At the same time, the ones that give most expressiveness and depth tend to be more valued among the guitar players. But what if you had even more control over the effect itself?

After all, there’s not a lot of knobs and switches that can fit on the average wah pedal, and even some more intricate pieces, like the Morley Bad Horsie 2, have only a handful of modeling options.

However, a company like Dunlop, that became very well respected for their Cry Baby wah pedals, has its own rack-mounted wah unit that can be managed by a separate foot controller, which by design resembles the standard Cry Baby format.
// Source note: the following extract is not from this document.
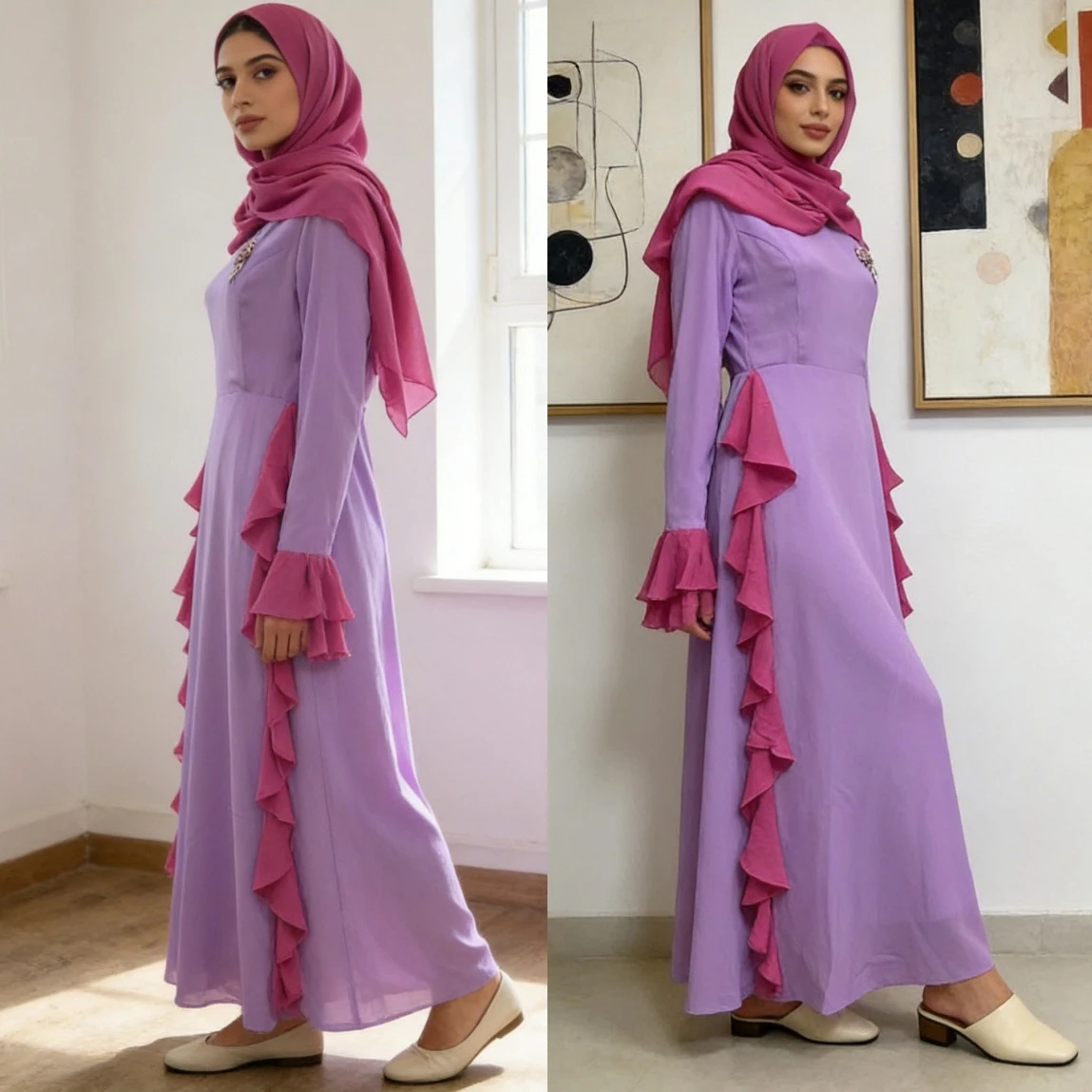 

Eid Dress Scarf Muslim Women Two Piece Set Abaya Kaftan Ramadan Vestidos Hijabs Morocco Dubai Jalabiya Lslan Arab Splice 2026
The rack-mounted wah we will be reviewing here is the Dunlop Cry Baby DCR-2SR, used by many professional rock guitar players, including Avenged Sevenfold’s Synyster Gates, Kirk Hammett of Metallica, John Petrucci, Slash, and many others.

Dunlop Cry Baby DCR-2SR


Features

As mentioned, this is a rack-mounted unit, designed to give more options to shaping your wah tone than any other standard wah pedal could provide. The unit, which is in a 19-inch rack format, provides a variety of controls.
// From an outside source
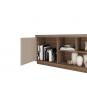 Mueble tv simetria, nogal y fendi, 180 cms.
The first two controls are the range and “Q”. With the range control, you can pick from six different frequency ranges ñ 1.2 kHz, 1.4 kHz, 1.6 kHz, 1.8 kHz, 2.0 kHz, and 2.2 kHz. Right next to it stands the “Q” knob, which is used to control the breadth of the effect, or how “wide” it is.
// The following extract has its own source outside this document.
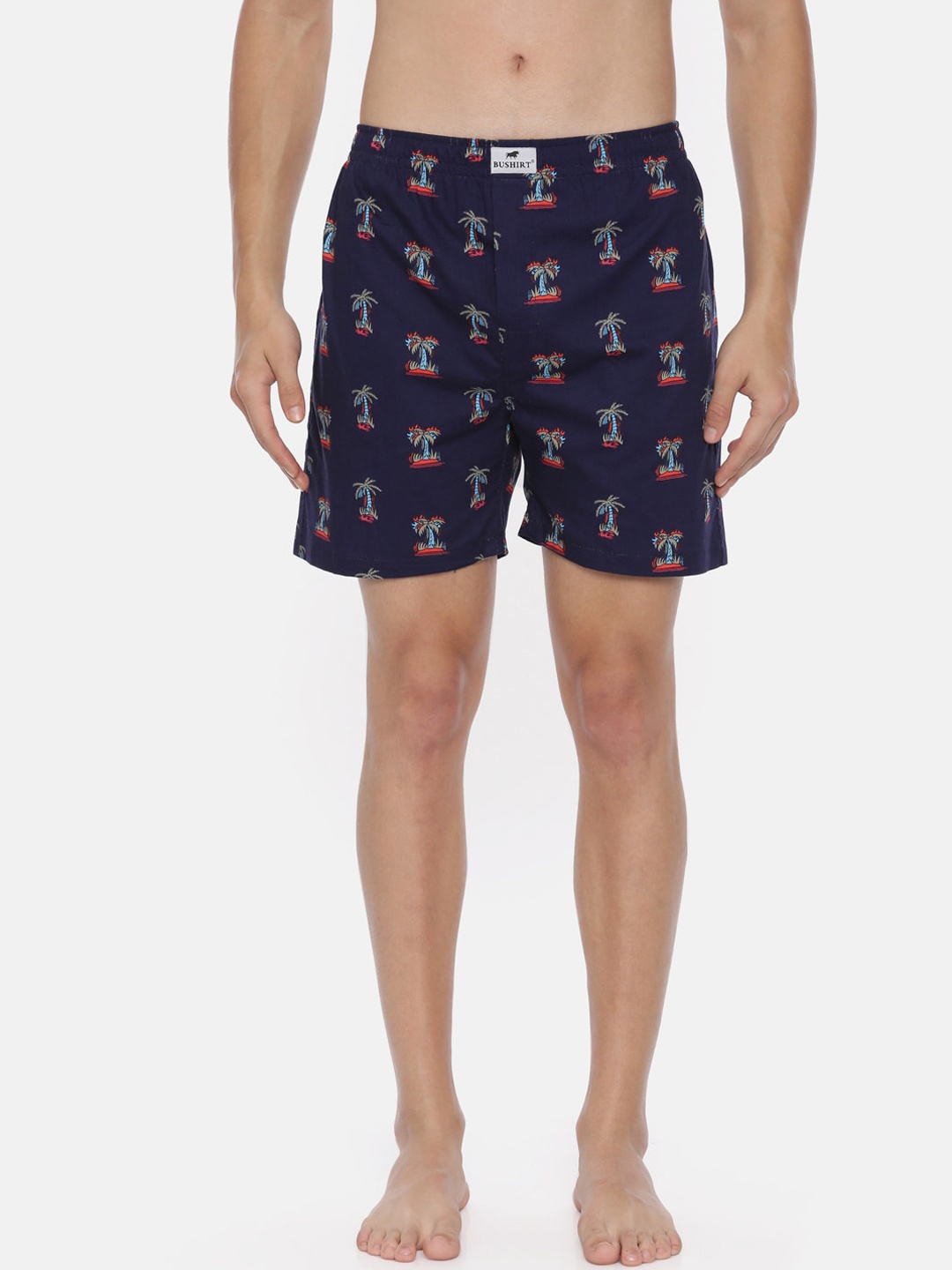

Bushirt Men Navy Blue & Red Printed Boxers BX00154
With the “Q”, you can set it to be really sharp or to make it wider and more subtle, kind of more evenly distributed over the pedal’s sweep.

While sometimes wah pedals might cut or boost the volume in an unwanted way, the DCR-2SR has a separate boost control which allows you to balance things out or additionally boost or cut the volume of the effect when it’s engaged. This particular feature can boost your volume for up to 10 dB.

Right next to these two controls, we can find the 6-band EQ that additionally lets us shape our wah tone. The frequencies on it are 100Hz, 200Hz, 400Hz, 800Hz, 1.6kHz, and 3.2kHz, and each knob adds or cuts 15 dB to the frequency. This EQ is engaged with a separate button.

While we’re at it, the wah effect itself is also engaged with a separate button. The foot controller, which is included with this unit, has the standard toe-click feature like any other Dunlop wah pedals, but the effect won’t kick in if it’s not turned on on the unit itself.

It also comes with an additional loop that lets you run a volume pedal through it, ultimately giving more control over your tone.


Design

The design of such a rack mounted unit is probably not of the greatest importance to a guitar player. Although we would argue that some of the printed labels on it could be a bit bigger. While there might not be a lot of tweaking during the live shows, this would definitely be a very welcomed design feature.

At the same time, led lights are pretty useful and easily noticeable so you can see whether certain features are on or off. With just a little bit of practice, you’ll be accustomed to it and you’ll know where each control is located and what it does without reading any of the labels on it.

As for the floor part, the foot controller, it’s designed according to Dunlop’s classic wah and volume pedals, using the same casing with a few just slightly different features. The action and the feel of the pedal is the same as any other of their famous products.


Performance

Now, this piece of gear is actually quite versatile. It could easily be the most versatile wah effect out there. The 6-band EQ gives an abundance of tone option, especially combined with with the “range” and “Q” knobs.

With all of these controls, you’re able to have full control over the depth of your wah, the “width” (or how sharp it goes between the two voices), the volume, and the overall tone.

Whatever kind of wah you seek ñ the DCR-2SR has it. Want that subtle clean pop rhythm wahs? Want the classic 1970s one? Trying to replicate Zakk Wylde’s deep crazy wah for high gain leads?

It’s all possible through this Dunlop’s piece of gear. And whether it’s the clean or distorted sound that you want to add your wah to, it will work with anything and won’t make those higher gain tones sounding all muddy and chaotic.


Conclusion

Just to get one thing straight here – this is a professional grade wah. Yes, it costs three or four times more than an average wah most of the guitar players are using, but there’s a good reason for it.

It is a sophisticated professional rack mounted effect that gives you more options than you can get from most of the other wahs out there.

The only downside – it will just take a lot of your precious time since you’ll end up plying around with all of its features in search of those perfect wah tones.

At the same time, you need to bear in mind that DCR-2SR is to be considered if you’re using other rack effects. Otherwise, you’ll just have a bad time finding room for this unit anywhere on stage or in your home studio, making it very impractical.

Nobody is stopping you from getting one, but it won’t make much sense if you’re not a professional musician or are at least striving to become one.